I take humor very seriously, and I want to be good. While I am not likely to become a rich standup comedian, I like to liven things up wherever I go, and because my humor is not really for my own consumption, I have to consider my audience’s tastes and preferences while I craft my own style. A joke’s purpose and calculated effect derive from the joker’s knowledge of the audience: jokes lighten tense moments, connect strangers, diffuse grief, express anger, unify insiders, isolate outsiders, mock foolishness, and indirectly highlight wisdom.
In its many uses, humor penetrates every area of life: it filters into religion, infiltrates solemn remembrance, subverts threats and intimidation, crushes gloom, dominates politics, and ultimately bungs up the big picture of things. Sometimes the bunging stops the main flow, and sometimes it bungs a leak to strengthen the main flow. All in all, we are never “only joking,” and a joke is never just a joke.

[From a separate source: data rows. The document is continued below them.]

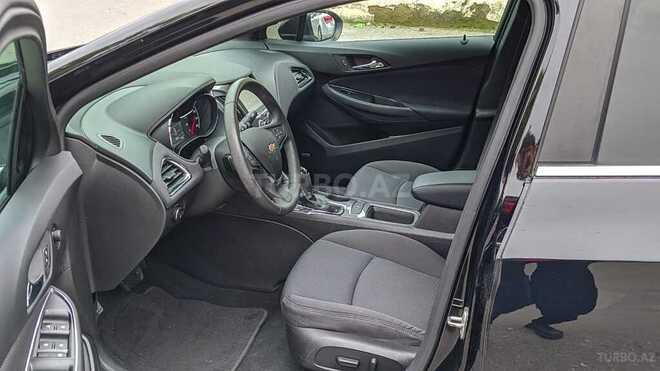 Chevrolet Cruze 2016, 93,506 km - 1.4 л - Bakı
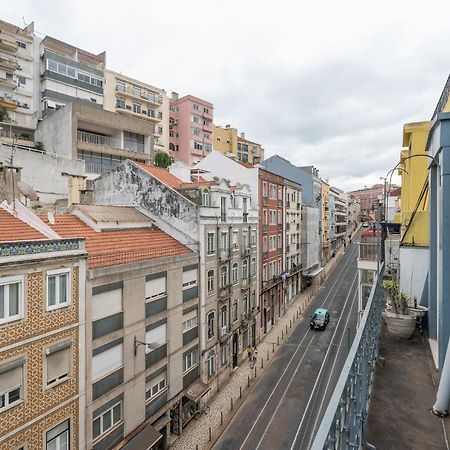 Bmyguest - 28 Tram Central Apartment Lisboa Eksteriør billede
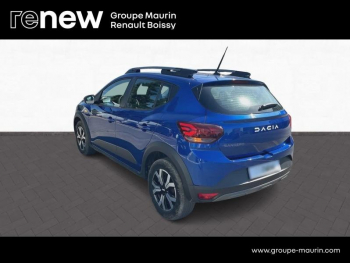 Photo 5 du bon plan DACIA Sandero 1.0 TCe 110ch Stepway Expression occasion à 14400 €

Jokes are tools, they are weapons, they are the party platter’s conversational equivalent. Whatever they are, I believe that objective standards apply in classifying humor as good or bad, as well fashioned or ill made. Such standards include proportion; thorough assessment of the audience; deliberateness of form, style and composition; timeliness of the subject matter; freshness and originality; and sufficient adherence to broader norms to strengthen the joke’s inherent irony or absurdity. Much of what is labeled bad humor today is just poor humor: it involves disproportionate, careless focus on threadbare objects of absurdity—e.g. hours and hours of fart jokes and sex jokes on television. Be that as it may, simply banning bawdy or off-color humor does not cultivate appreciation for well-made humor, and cultivating higher forms of humor does not lead clever people into automatic agreement about life.
I once heard Richard Dawkins give or quote a rendition of “The Emperor’s New Clothes” to illustrate his aversion to researching the differing varieties of religion, Christianity in particular. As my college roommate was listening to a podcast, I heard Dawkins cleverly compare theological differences between Christians to the leather in the emperor’s boots or the velvet in his hat or the silk in his shirt: no matter how fine the qualities ascribed to the suit, the distinctions are meaningless because the whole suit does not exist. I cannot source the material, but this does illustrate that people who I systematically disagree with can masterfully execute a humorous repudiation of my own beliefs.
For now, I have to leave you with this: good humor takes a lot of effort over a long time, but it is better for your soul than endless fart jokes.